The Cambridge History of English and American Literature in 18 Volumes (1907–21).
VOLUME XVIII. Later National Literature, Part III.
§ 11. Communistic Arguments
Side by side with this development of the general theory of economics, there proceeded, as mentioned above, a heated discussion on practical economic problems. Most of this pamphlet literature, interesting as showing the current of popular thought, was of only temporary interest and must be passed over in this brief sketch. A few books are deserving of mention. In the workingman’s movement which developed in the third decade in New York, three authors exerted more than a passing influence. L. Byllesby’s Observations on the Source and Effects of Unequal Wealth (1826) and Thomas Skidmore’s The Rights of Man to Property (1829) furnished the basis for the new and short-lived socialist movement. Frances Wright, the eloquent and attractive apostle of freedom for women and negroes, exerted a great influence by her Course of Popular Lectures (1829) and by The New Harmony Gazette (1825–35) which she edited in co-operation with Robert Dale Owen, a son of Robert Owen.

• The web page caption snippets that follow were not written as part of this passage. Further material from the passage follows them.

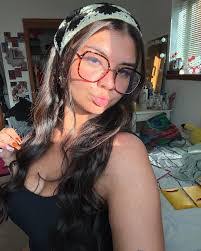 Christa Hall's Instagram, Twitter & Facebook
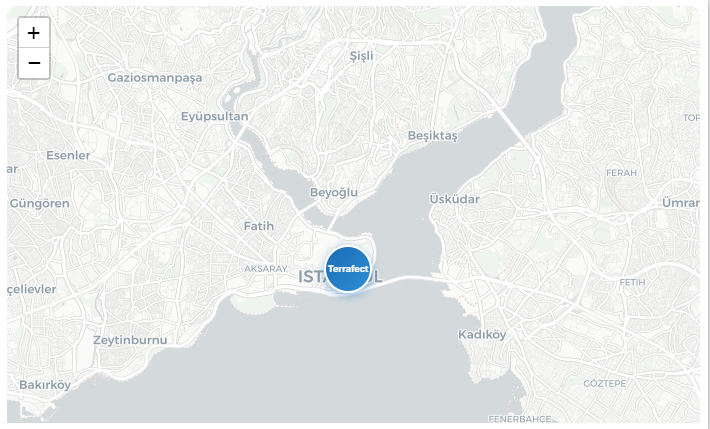 Map View 1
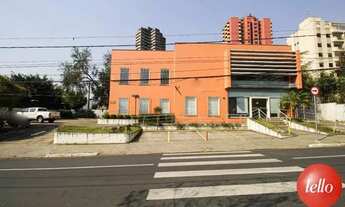 Imagem: São Bernardo do Campo - Prédio Inteiro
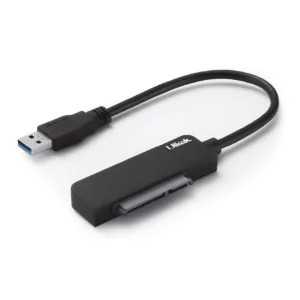 Adaptador USB 3,0 a SATA para discos 2,5″ mod. UL-ADHD25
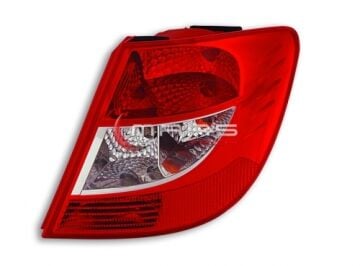 611289 CLİO SYMBOL STOP LAMBASI SAĞ 2009-2012 RENAULT RENO DUYSUZ 20250112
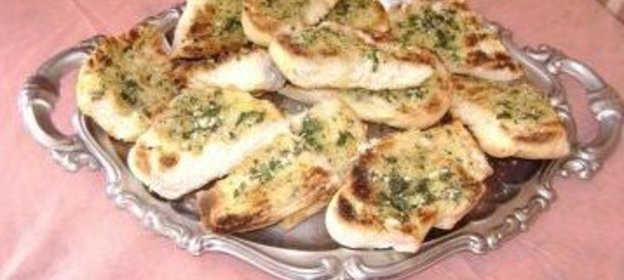 Джем из черной смородины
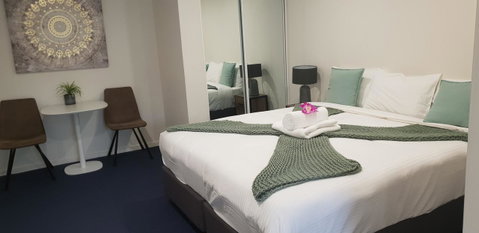 Carlton Suites - Tourism Search 17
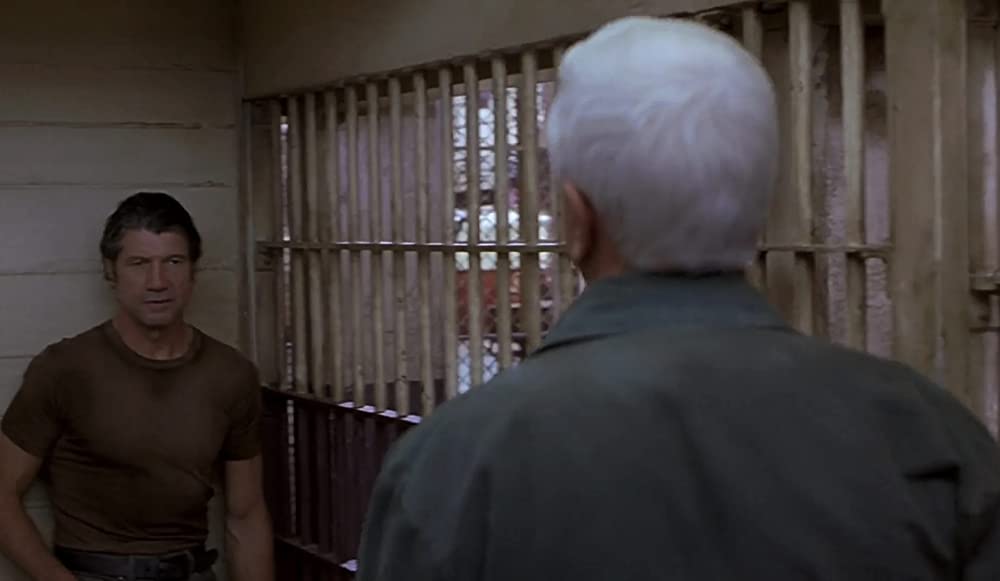 裸の銃を持つ男PART33 1／3 最後の侮辱の画像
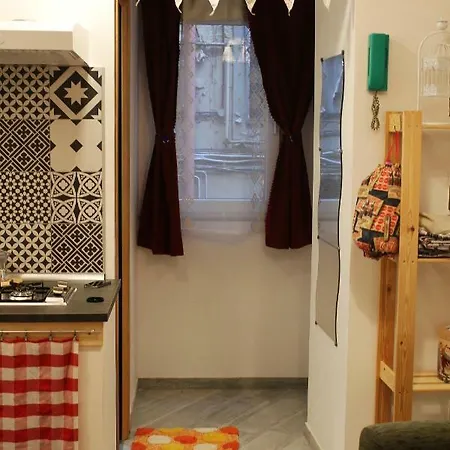 Matis House, Historic Center, San Domenico Square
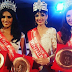 India Wins Miss Globe 2016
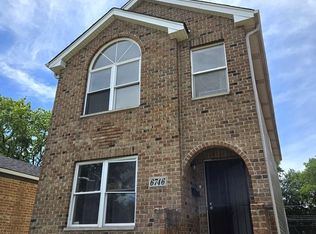 6746 S Wood St, Chicago, IL 60636
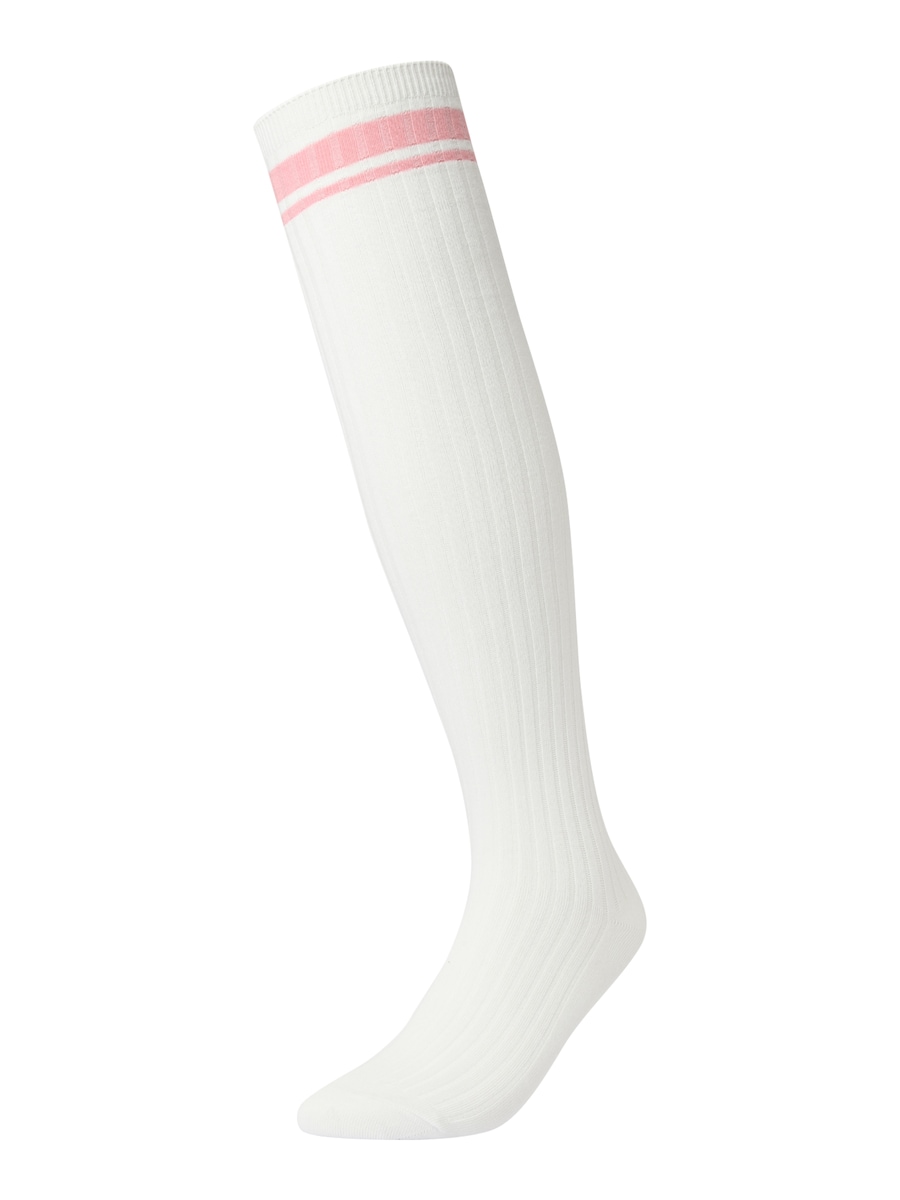 Носки Kamila Šikl, белый
Носки Kamila Šikl, белый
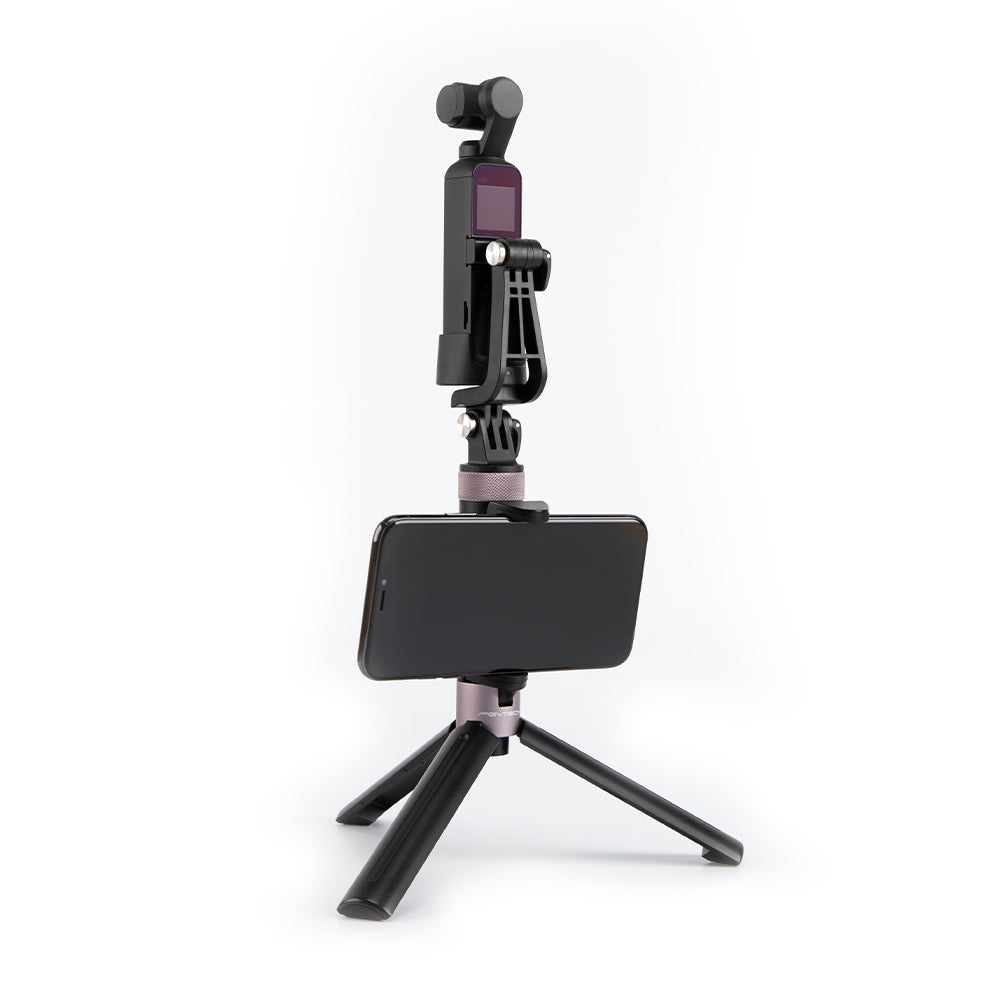 OSMO Pocket Universal Mount Kit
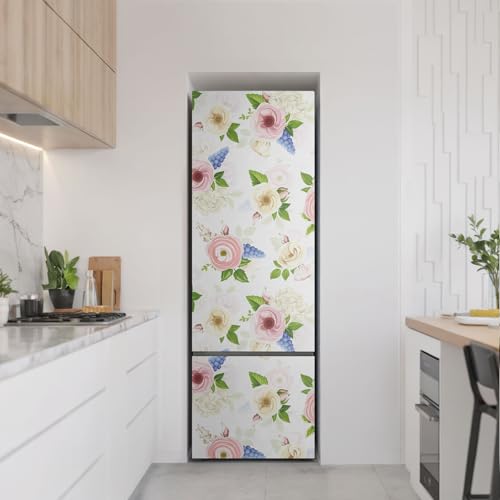 Tapis magnétique 60x180 cm pour rénovation de sol de cuisine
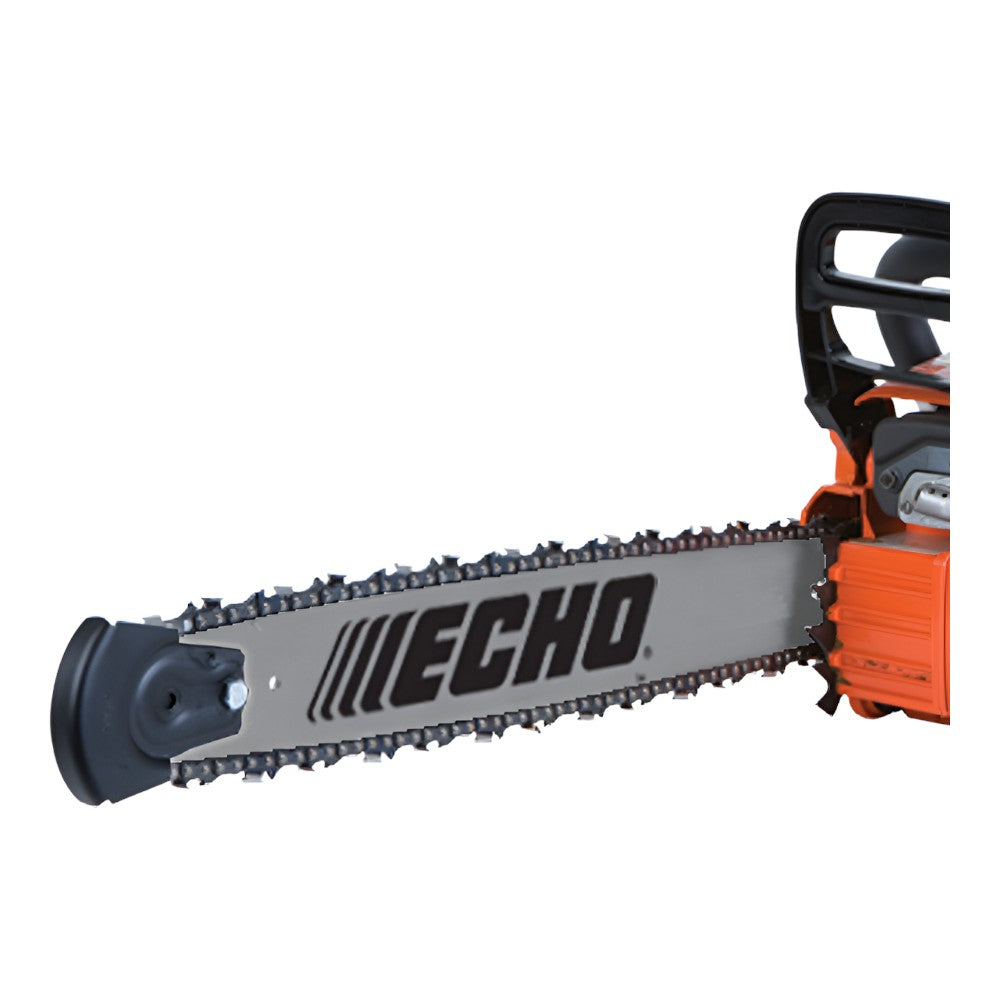 Echo Kick Guard, Chain Guard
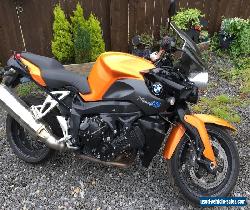 K1200R BMW Sports Tourer Motorbike for Sale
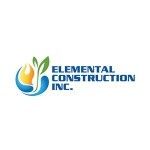 Build Elemental, Westlake Village, logo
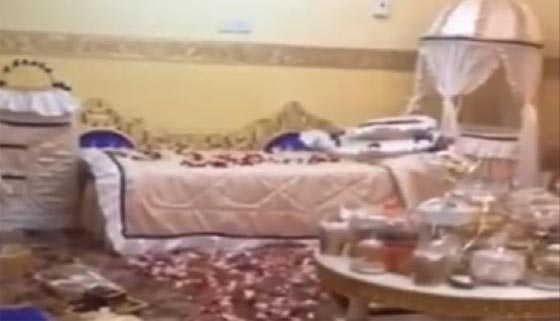 فيديو مؤثر: سعودي يضرب مثلا في الرجولة والأبوّة وهذا ما فعله لزوجته عند ولادة طفلته السادسة  صورة رقم 4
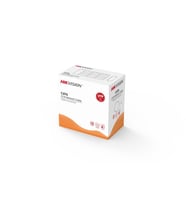 HIKVISION DS-1LN6UU/CCA(O-STD) CAT6 - CCA UTP 305 Metre 23AWG - 0.57mm Network Kablosu GRI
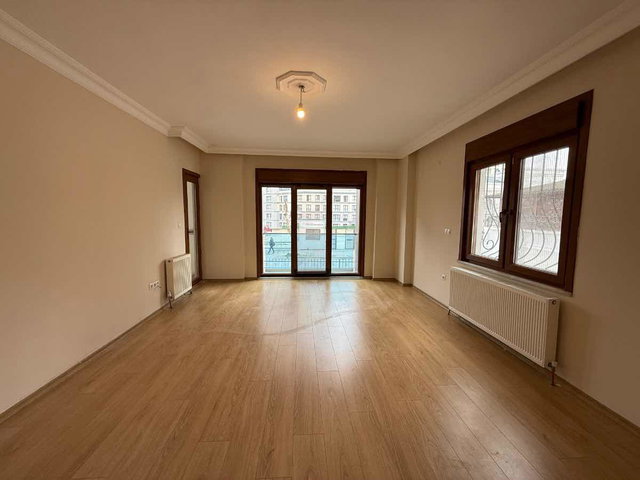 KARTAL ATALARDA GENÇ BİNADA OTURUMA HAZIR 3+1 KİRALIK DAİRE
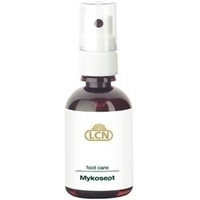 LCN Mykosept Spray, 50ml - Спрей для защиты от грибка и бактерий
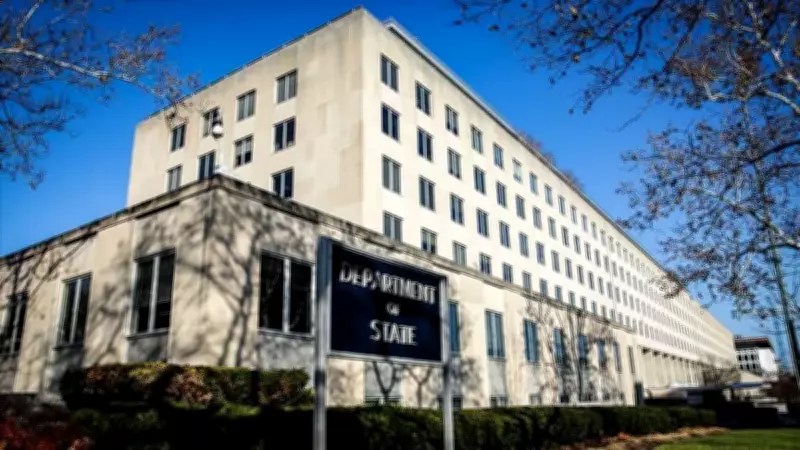 ABD'den İran'daki Vatandaşlarına Acil Uyarı: Bölgeyi Derhal Terk Edin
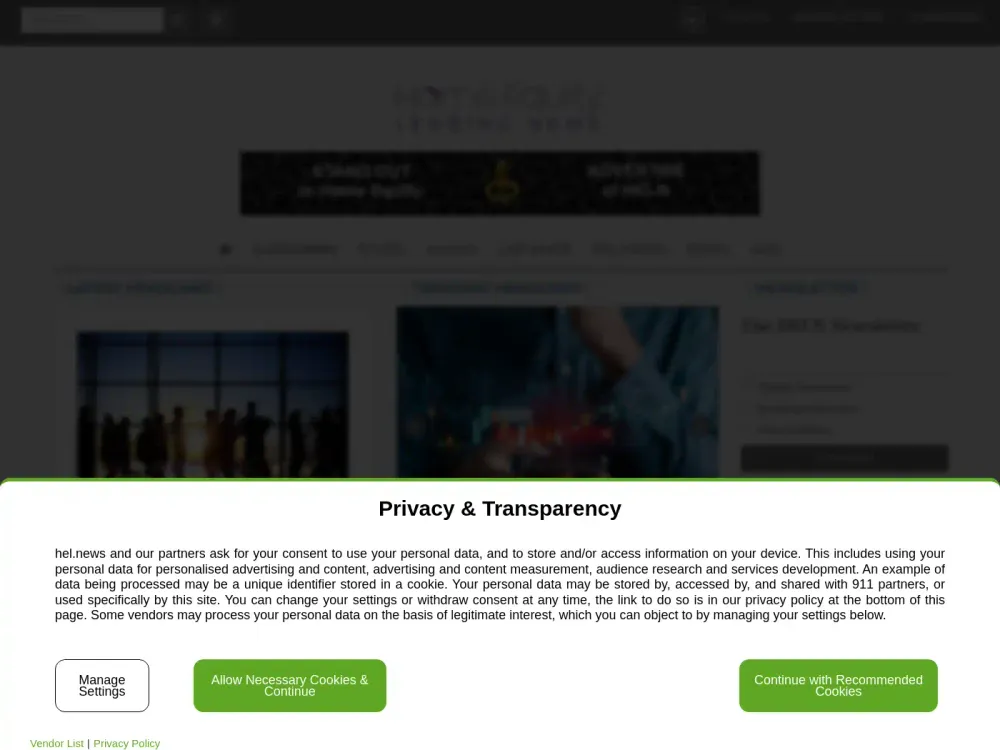 Home Equity Lending News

Interesting discussions of the principles of the labour movement are found in The Journeyman Mechanic’s Advocate (1827), which has the distinction of being the first labour paper in the world; The Mechanics’ Free Press (from 1828–1831); and The Workingmen’s Advocate, edited by G. H. Evans (1829–36).
For the next few years the interest in the question was maintained by William Maclure’s Opinions on Various Subjects Dedicated to the Industrious Producers (1831), Stephen Simpson’s Workingman’s Manual, a New Theory of Political Economy (1831), and Seth Luther’s An Address to the Workingmen of New England (1833), as well as by the labour periodicals of which the most important were The Man (1834–35), The National Labourer (1836–7), Thomas Brothers’s The Radical Reformer (1836), and Ely Moore’s The National Trades-Union (1836–37).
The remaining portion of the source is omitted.